For more than a hundred years, the restaurant trade was dominated by the Cantonese, whose cuisine, fantastically reimagined, provided America’s idea of Chinese food: sweet-and-sour pork, wonton soup, General Tso’s chicken. In the late nineteen-eighties, the mixture of immigrants changed. As reports of China’s one-child policy and of the clash in Tiananmen Square outraged the American public, Chinese immigrants started getting special dispensation in U.S. immigration courts. The Fujianese saw an opportunity. Fujian Province, hemmed in by mountains on one side and by the Taiwan Strait on the other, had been a largely impoverished place for centuries. Its inhabitants began leaving with such urgency that villages emptied out virtually overnight.

In the U.S., the Fujianese took restaurant jobs, learned the trade, and saved up to buy out owners or to open restaurants of their own. The restaurants were concentrated in big cities, but, as competition grew, enterprising immigrants moved away, in search of greater profits. “Previously, if you were looking for a job, it was inside Chinatown or Queens, so people just recommended each other,” Peter Kwong, a professor of Asian-American studies at Hunter College, in New York, said. As Chinese restaurants spread across the country, employment agencies cropped up to link them together.

Fujianese food is traditionally soupy and slightly sweet, heavy on shellfish and seafood. But, as Fujianese immigrants took over restaurants, they adopted their predecessors’ menus, offering the same spring rolls and egg foo young. In the Chinese-restaurant business, the Fujianese have a reputation for being hardworking and somewhat myopic. A common joke describes their doggedness: if an entrepreneur opened a successful gas station along a highway, Western businessmen might build a grocery store or a café nearby; an influx of Fujianese entrepreneurs would open fifty more gas stations.

The joke underplays how lucrative the restaurant business has been. In the villages surrounding Fuzhou, the provincial capital, the evidence of people flowing out and money flowing back in is visible on nearly every street. The village of Houyu, after a decades-long building boom, is filled with ostentatious mansions, even though few people remain to live in them; the area is so depopulated that, in some cases, squatters have moved in and stayed, undetected, for months. A woman I met there, who runs a takeout restaurant in New Jersey, waved at the empty houses and said, “It doesn’t matter if no one is living there. You have to build a big house so people look at it and say, ‘Oh, that person is doing really well in the United States.”

The village that Rain left in 2009, on the water north of Houyu, has been similarly transformed. Most of the adults who still live there are supported by someone overseas, and the ones who remain eke out a living as fishermen or farmers. Rain’s father, a former teacher, worked in faraway factory towns, and came back when he could, bringing toys. “I worshipped him,” Rain told me.

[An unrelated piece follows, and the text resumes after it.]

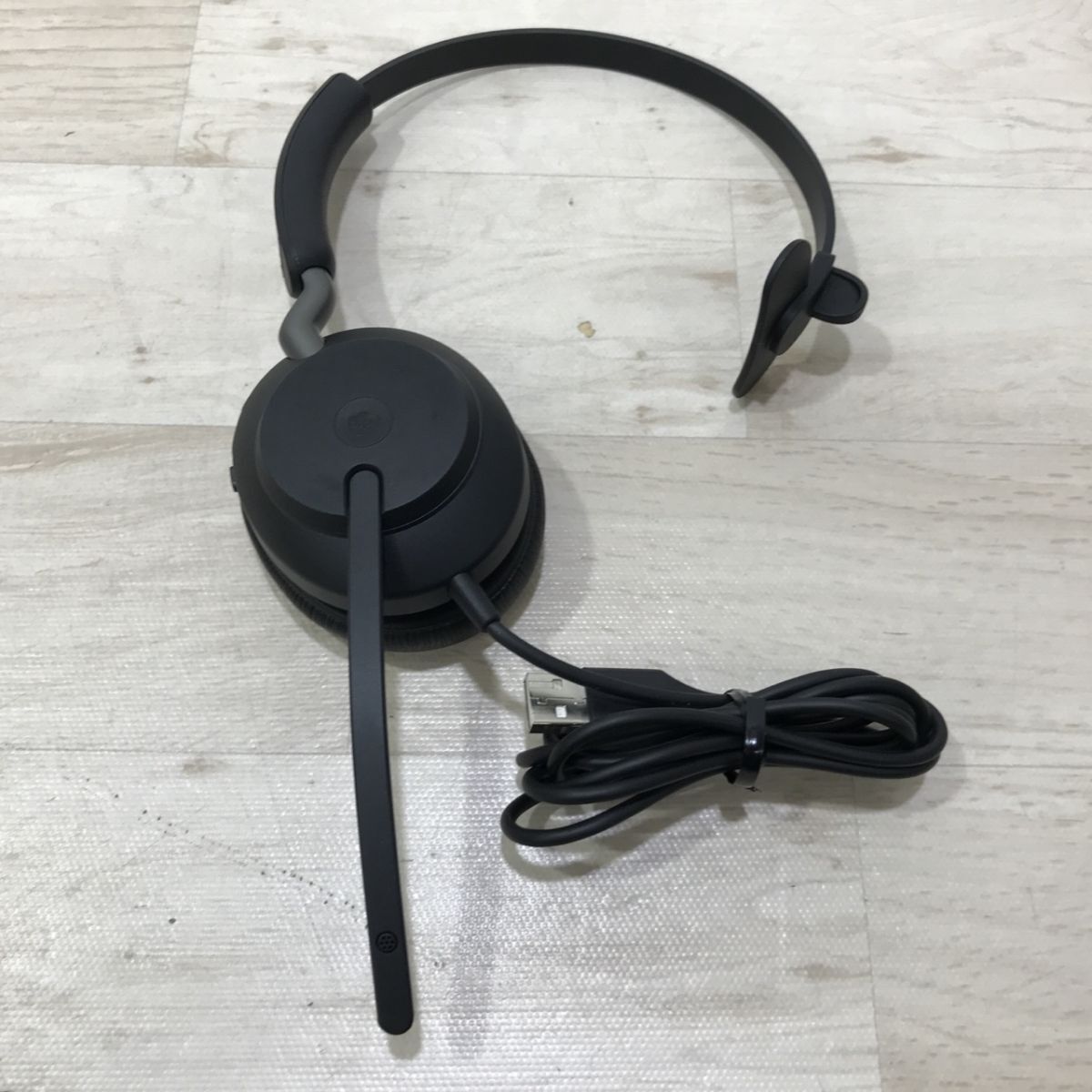 Jabra Evolve2 40 MS Mono Microsoft Teams 認定片耳ヘッドセット[C3912]の画像2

Rain speaks nostalgically of village life. Growing up, he played games in the alleys until dinnertime and then ran out again to play under the stars. As he got older, he and his friends liked to light firecrackers, stick them in water-buffalo dung, and then sprint away. He remembers the days stretching out lazily, running into years with no urgency. There’s little leisure in the U.S., he says. “If you ask people here if they want to go out and eat dinner with you, or go somewhere to have fun one day, they’ll say, ‘What? You think I have that much American time?’ ”

He told me that he was forced out of the village not by poverty but by religious persecution. After he graduated from vocational school, at nineteen, he started attending a Christian house church with his mother, who had converted when Rain was a child. One day in 2009, he met with a group of other young people to discuss the Bible. The local police burst in, threw him roughly in jail, and demanded the equivalent of three hundred and twenty-five dollars in bail. Once he was released, the police told him not to go anywhere, and checked in regularly to make sure that he was at home. He couldn’t work, and he soon grew desperate.

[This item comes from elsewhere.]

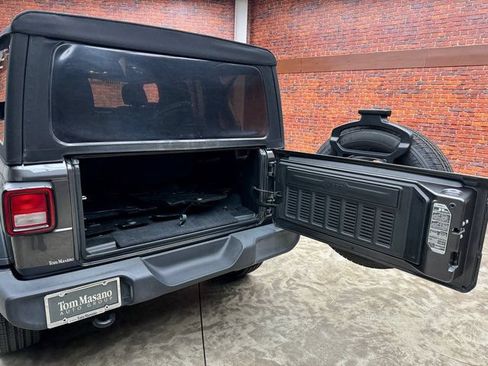 Used 2020 Jeep Wrangler Unlimited Sport S AWD/4WD image 23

In the U.S., stories of religious repression are frequently viewed with skepticism. Chinese asylum claims vastly outnumber claims from any other country. In 2012, more than ten thousand Chinese applicants were granted asylum, many of them with the help of high-priced lawyers and interpreters; Egyptians, the second-largest group, had fewer than three thousand successful applicants. The Fujianese government is not known to be particularly strict with Christians, and there are rarely crackdowns on small house churches. When pressed, Rain admits that there are other reasons a person from his village might want to go to the U.S. His parents, for instance, might want him to go: “They’ve been poor their whole lives. They don’t want their children to be poor.” Even well-educated Chinese find few opportunities to pull themselves out of the lower classes, Rain said: “There are a lot of people who went to college, who are very refined and cultured, and even those people can’t find work.”

The cost of passage to the U.S. varies by province. In a packed hostel in Queens, I met a twenty-six-year-old from Henan Province who paid twelve thousand dollars for a student visa. After a smuggler trained him to pass an interview with the consulate and enrolled him in an English-language school in Oklahoma, he flew straight to New York and applied for asylum. Peter Kwong points out that people from Fujian, working through a different network, pay some of the highest fees: “If you’re a Fujianese villager, you’re not likely to say, ‘The price is better in Shandong. I’ll go to Shandong.’”

When Rain decided to hire a snakehead, his parents asked around in the village and came back with a price: seventy thousand dollars. Once he arrived in the U.S., his family and friends would borrow to cover the fee, and Rain would slowly pay them back. “Seventy thousand dollars is a lot of money, but you can make two thousand dollars a month—so you can pay it back in a few years,” he said. “And afterward you’re still making two thousand dollars a month.” A worker in China’s private sector makes, on average, about forty-seven hundred dollars a year.

The snakeheads instructed Rain to bring as little as possible, he told me: “They said, ‘Do you think we’re taking you on a tour? The lighter the better.’ ” Two weeks later, a van drove him to Fuzhou and dropped him off at the airport with a fake passport, an address on a slip of paper, and a ticket to Beijing. “As soon as I walked out my front door, everything was a first,” Rain said. “It was my first time on an airplane. It was the first time I travelled so far. And, in Beijing, it was the first time I saw snow.” Rain hailed a taxi and gave the driver the address, which turned out to be a hotel—a way station for emigrants. He spent two weeks there, walking around the neighborhood and watching TV. He felt as if he were on vacation.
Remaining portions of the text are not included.